UK retirement system improving; gender pensions gap remains a global concern

The UK has seen a “considerable increase” in its overall score in the annual Mercer CFA Institute Global Pension Index, jumping from 15th to ninth position in the global rankings, although the gender pensions gap remains a global concern.

The UK saw its overall score increase from 64.9 in 2020 to 71.6 in 2021, with this attributed to a strong improvement in the adequacy sub-index value, which increased from 59.2 in 2020 to 73.9 this year, primarily due to the impact of auto-enrolment.

However, the analysis also found that there “remains room for improvement” on key areas such as pensions adequacy for lower paid workers and the gender pensions gap, which stood at 40.5 per cent in the UK.

Indeed, the gender pensions gap was found to be “inherent in every system”, although the analysis found that there was no single cause of the gender pension gap, despite all regions having “significant differences” in the level of retirement income across genders.

The UK and Denmark, for instance, were found to have similar employment rates for men and women, but "quite different" gender pension gaps.

The findings have raised concerns about pension design and socio-economic inequality, as the study found that whilst employment issues are "well known" major contributors, pension design flaws are “aggravating the issue”.

This included non-mandatory accrual of pension benefits during parental leave, absence of pension credits while caring for young children or elderly parents in most systems, and the lack of indexation of pensions during retirement, which have a larger impact on women due to longer life expectancy.

Commenting on the results, Mercer partner and trustee leader, Tess Page, said: “The UK pensions system is in a much improved position from last year. We have benefitted from auto-enrolment pushing up savings rates, as well as mostly helpful policy and regulatory changes.

“However, many members still face a cliff edge at retirement and, as ‘generation DC’ approaches pensions age, this issue is only expected to accelerate. There are a number of actions that employers, trustees, and the government could take to help improve the UK system and deliver better long-term retirement outcomes.

“A great start would be further increasing auto-enrolment contributions and coverage – notably to better serve those who are self-employed.”

Adding to this, CFA Institute Head of Advocacy EMEA, Olivier Fines, noted that whilst the UK government aimed to introduce more flexibility in 2015 to allow the system to better cater to people’s needs, it also “upped the ante” for individuals to take responsibility for their own long-term savings needs.
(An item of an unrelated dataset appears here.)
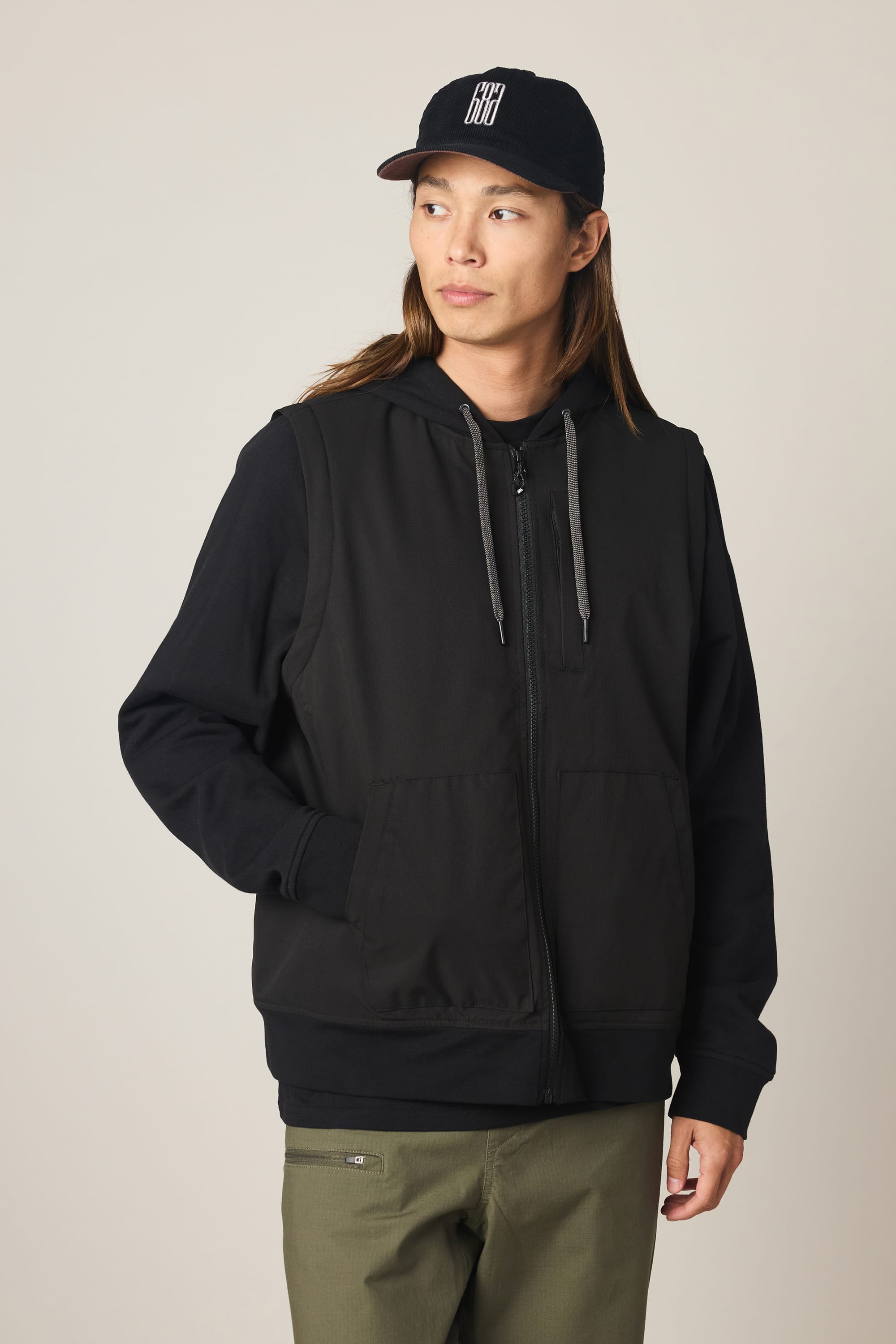 A person wearing a black cap, olive-green pants, and the 686 Men's Merge Quilted Hoody by 686—a black polyester jacket with gray drawstrings—stands against a plain light background, looking slightly to the side with hands in the jacket pockets.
“This is where the financial sector has a role to play. Members should expect that the advice they obtain from professionals on such crucial decisions which affect their livelihoods be guided by fiduciary duty and suitability,” he said.
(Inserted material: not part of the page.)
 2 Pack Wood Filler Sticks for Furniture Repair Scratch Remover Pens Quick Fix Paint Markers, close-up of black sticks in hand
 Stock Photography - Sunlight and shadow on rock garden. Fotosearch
“In 2019, membership of occupational defined contribution schemes in the UK for the first time exceeded that of traditional defined benefit schemes.

"A tool like the Mercer CFA Institute Global Pension Index can help the industry and policy makers better appreciate the structural and long-term impacts of policy decisions and provide meaningful context for this crucial debate.”

Elsewhere in Europe, Iceland, a newcomer to the index, was crowned the world's best retirement system with a score of 84.2, while Netherlands and Denmark took second and third place with scores of 83.5 and 82 respectively.